We all know Judas’s obituary. John gives it to us in his Gospel: Judas, son of Simon and one of the Twelve, betrayed him. The words “son of Simon” catch my attention. Judas was part of a family. His father must have been known in the early Christian community in order to be named. And what was it like for Simon, living with the shame and stigma of having been the father of such an infamous son? Though Judas’s betrayal had cosmic consequences, I’m reminded through that simple phrase “son of Simon” that every betrayal has the power to affect families and communities, not just in the short term, but for generations to come. Not that I don’t trust God’s redemption of our sins. God is able to weave a glorious story using even our failures. But I’m sobered by the thought of the damage we cause and the violence we wreak on one another through our duplicity.
On paper, my marriage survived Micah by almost one year. But it was at Micah’s funeral that I saw a woman I did not recognize greet Robert with a kiss on his cheek. In itself, that would not have been memorable or alarming. Many greeted me that day with a kiss of condolence. But her hand lingered on his longer than was fitting as she told him how sorry she was. Then she turned to me to express similar sympathy. Even though I was already plummeting into what would become debilitating depression, I was intuitive enough to see that she knew me in ways she should not have known me. And this could only have been through the intimacy of my husband’s confiding in her.

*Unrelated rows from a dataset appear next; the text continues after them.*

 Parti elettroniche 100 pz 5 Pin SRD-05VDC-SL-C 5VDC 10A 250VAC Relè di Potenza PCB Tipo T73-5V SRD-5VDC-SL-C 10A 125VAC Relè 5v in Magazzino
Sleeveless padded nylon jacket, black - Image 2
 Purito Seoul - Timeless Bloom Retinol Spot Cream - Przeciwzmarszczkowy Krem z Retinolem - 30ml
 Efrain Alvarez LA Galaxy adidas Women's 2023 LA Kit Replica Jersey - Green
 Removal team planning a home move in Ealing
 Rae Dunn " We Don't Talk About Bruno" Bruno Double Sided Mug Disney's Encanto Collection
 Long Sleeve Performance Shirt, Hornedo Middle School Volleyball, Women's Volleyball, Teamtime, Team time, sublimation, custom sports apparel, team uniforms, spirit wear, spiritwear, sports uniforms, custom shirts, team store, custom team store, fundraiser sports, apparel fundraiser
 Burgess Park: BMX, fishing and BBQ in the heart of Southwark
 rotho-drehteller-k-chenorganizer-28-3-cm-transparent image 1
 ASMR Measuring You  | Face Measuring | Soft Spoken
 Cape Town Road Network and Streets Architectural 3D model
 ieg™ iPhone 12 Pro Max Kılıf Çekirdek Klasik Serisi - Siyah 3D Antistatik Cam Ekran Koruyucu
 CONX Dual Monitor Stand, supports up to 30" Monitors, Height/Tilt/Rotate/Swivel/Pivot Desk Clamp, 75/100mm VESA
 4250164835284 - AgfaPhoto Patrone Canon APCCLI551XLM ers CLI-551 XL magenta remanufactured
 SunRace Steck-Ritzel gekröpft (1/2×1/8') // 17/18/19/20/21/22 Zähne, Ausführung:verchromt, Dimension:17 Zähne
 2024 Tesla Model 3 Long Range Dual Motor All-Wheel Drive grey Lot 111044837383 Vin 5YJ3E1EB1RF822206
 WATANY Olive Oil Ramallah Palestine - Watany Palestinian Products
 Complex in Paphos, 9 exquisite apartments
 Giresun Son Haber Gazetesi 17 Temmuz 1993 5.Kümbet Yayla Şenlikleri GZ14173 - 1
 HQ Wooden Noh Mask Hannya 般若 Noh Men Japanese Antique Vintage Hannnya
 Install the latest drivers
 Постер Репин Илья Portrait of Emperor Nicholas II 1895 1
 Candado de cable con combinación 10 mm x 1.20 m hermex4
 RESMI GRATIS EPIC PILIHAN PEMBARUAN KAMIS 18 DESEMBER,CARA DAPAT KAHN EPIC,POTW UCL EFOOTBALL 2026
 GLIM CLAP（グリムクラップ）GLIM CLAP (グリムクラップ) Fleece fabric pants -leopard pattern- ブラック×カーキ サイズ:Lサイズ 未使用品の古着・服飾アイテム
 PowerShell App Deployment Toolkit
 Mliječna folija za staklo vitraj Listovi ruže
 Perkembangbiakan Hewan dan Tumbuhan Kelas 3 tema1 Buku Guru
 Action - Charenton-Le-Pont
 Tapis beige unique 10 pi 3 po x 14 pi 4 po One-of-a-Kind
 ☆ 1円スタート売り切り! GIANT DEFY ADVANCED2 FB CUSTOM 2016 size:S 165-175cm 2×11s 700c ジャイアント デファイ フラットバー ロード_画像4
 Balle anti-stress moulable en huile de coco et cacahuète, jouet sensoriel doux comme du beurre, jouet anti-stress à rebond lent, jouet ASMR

I felt betrayed.
It was after I returned home from the psychiatric hospital that I found a pair of unfamiliar shoes tucked into the dark recesses of my closet—the one personal item she had neglected to remove before my homecoming. Just when I thought I was coming up for air, I descended into the abyss again. Not unlike you, pushed under by the weight of grief and loss.
And yes, by a sense of betrayal. I hear it in your questions, wondering how Casey could have kept such significant secrets from you. Yours is a loss complicated by mystery—not only the mystery of his death, but the mystery of his life. What obituary do we write when we’ll never know the truth about what was lost and why? Maybe what we write is an obituary for our need for closure and answers. Maybe someday you will write that one. Maybe there’s one for me to write too.
I know how painful it was for you, not being able to go to Casey’s funeral, and how wounding it was, being excluded and shunned by his family. Because of their anger and bitterness, you were denied an important opportunity to say goodbye to your friend in the presence of those who also love him and grieve his absence. I ache for you in this. But though we have no control over the narratives others weave about us, we don’t need to be controlled by those narratives. Today I heard in you for the first time a determination to move forward in grieving Casey in a way that both honors him and brings comfort to you, regardless of what his family has done. I’m so glad you have decided to accept Hannah’s invitation to lead a memorial service, and I will be honored to remember your beloved Casey with you.
In the meantime—in all these complex heartaches—we keep company with the One who did not withhold himself even from the pain of betrayal, who greeted Judas with the title “friend,” even while knowing what he was about to do. And while Judas was the one who agreed to “hand him over,” Jesus was the One who handed himself over first. What amazing love.